I really missed being a full time librarian and thought it would make me feel like I still was, if I had a place to keep track of all the books I was reading. It also quickly became the place I would talk about how I would use all the books- library programs- my baby time and my mother daughter book club. I had every intention of keeping up with those programs and my blog.
In the summer of 2013 I started a full-time children's position and I felt like I was back where I belonged- the children's room. I started to get my feet wet again with weekly programs, I made great friends at the library and I was settling in.
Soon it became apparent to me that my dad who had been pretty sick all year, was only getting worse. By chance I saw a children's librarian position posted for a town near my parents and thought of it as my chance to be close to him and to help my mother.
In the span of a month I flew to Florida, interviewed and got the job, gave notice, packed nearly everything I owned into storage and moved to Florida.

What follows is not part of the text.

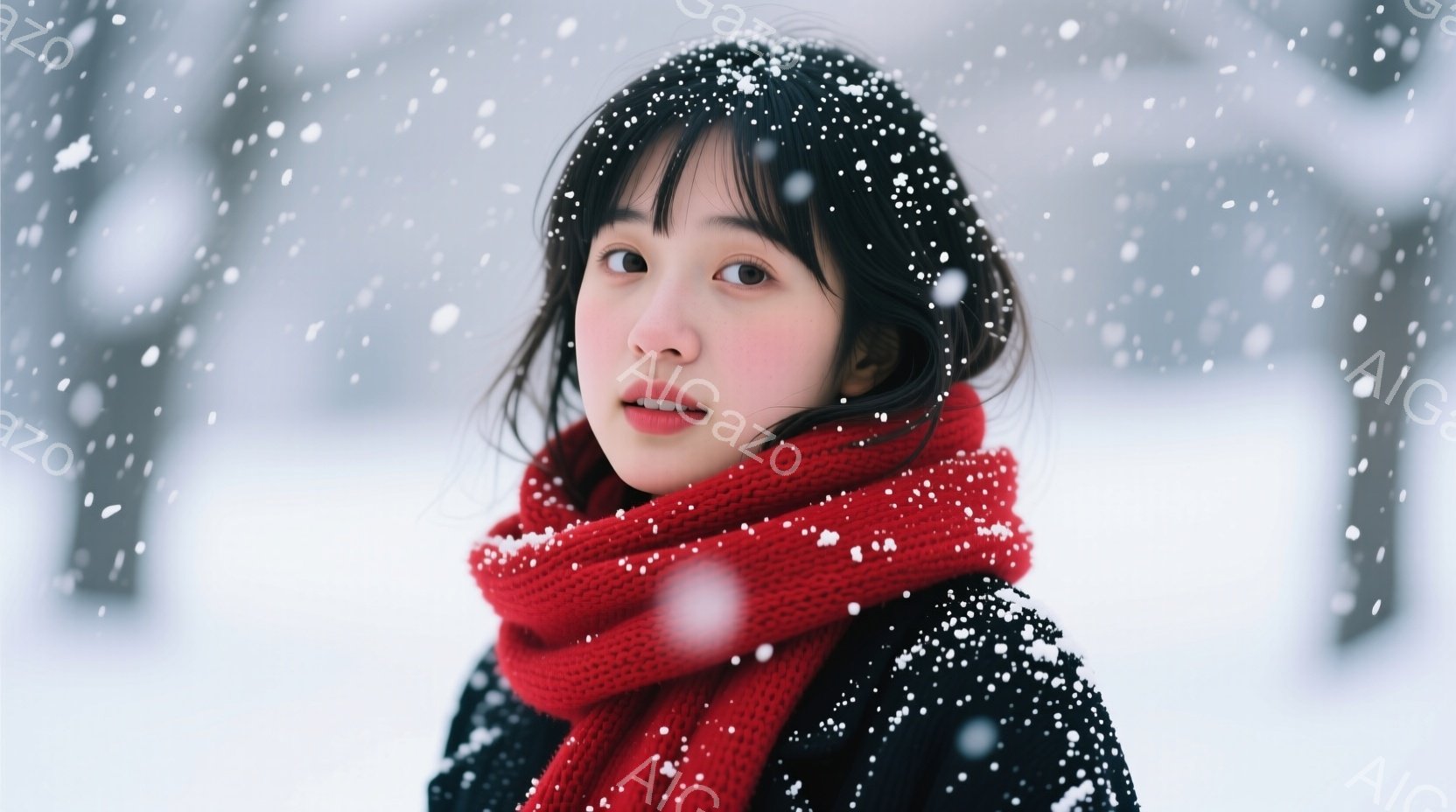 雪が降る中で、赤いニットのネックウォーマーを巻いた若い女性がこちらを見ている。彼女は黒いコートを着ており、肩までの長さの黒髪は風で少し乱れているが、全体的に整っている。背景は雪景色で、ぼやけた木々や建 - AI生成フリー素材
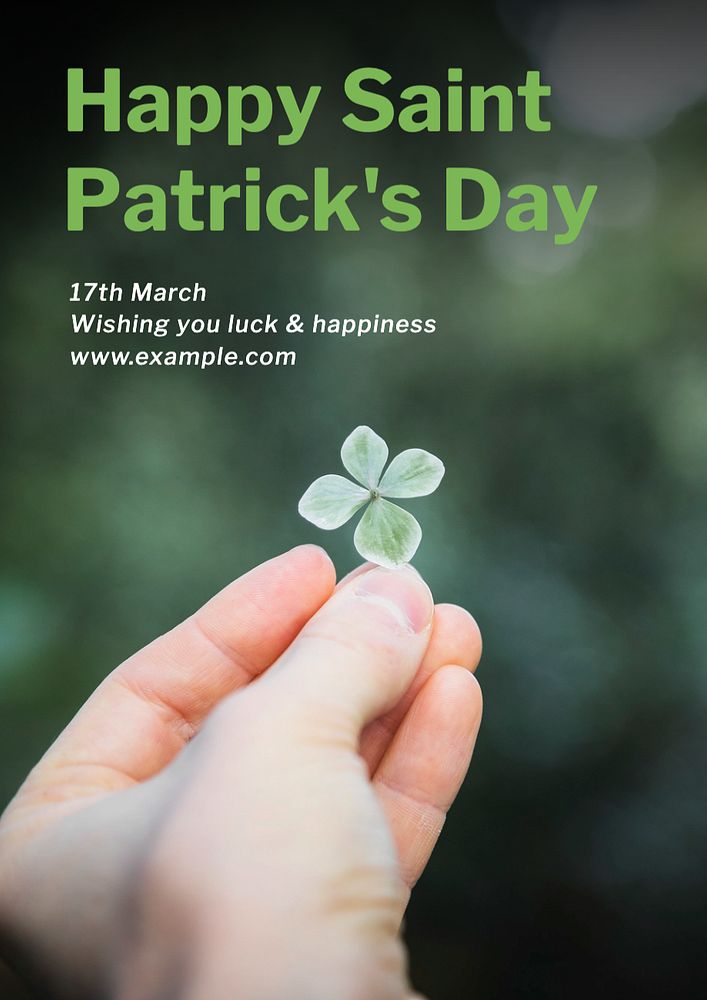 Saint Patrick's day  poster template, editable text and design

My father knew I was here, there is no doubt about that but he died on December 15th.
I started my library job, and for the most part, it is a good one. There is a lot to do, and it keeps me busy and for that I am grateful.
Unfortunately, things didn't work out quite like I planned. At first, I found it really hard to concentrate. I couldn't read for about a month. Slowly, I have been coming around. I love looking for books for story-time and baby-time and lately I have been reading a good deal of teen angst.
I find myself thinking of my father a lot when I am planning my programs. It is in his lap that my sister and I learned the joy of listening to stories and to sing silly songs. The things that I like best, that make me really good at this job I got from him.
So I am sad, I feel like I got to Florida too late to help him like I wanted to. But, I can do what I do best for this little library for the time being.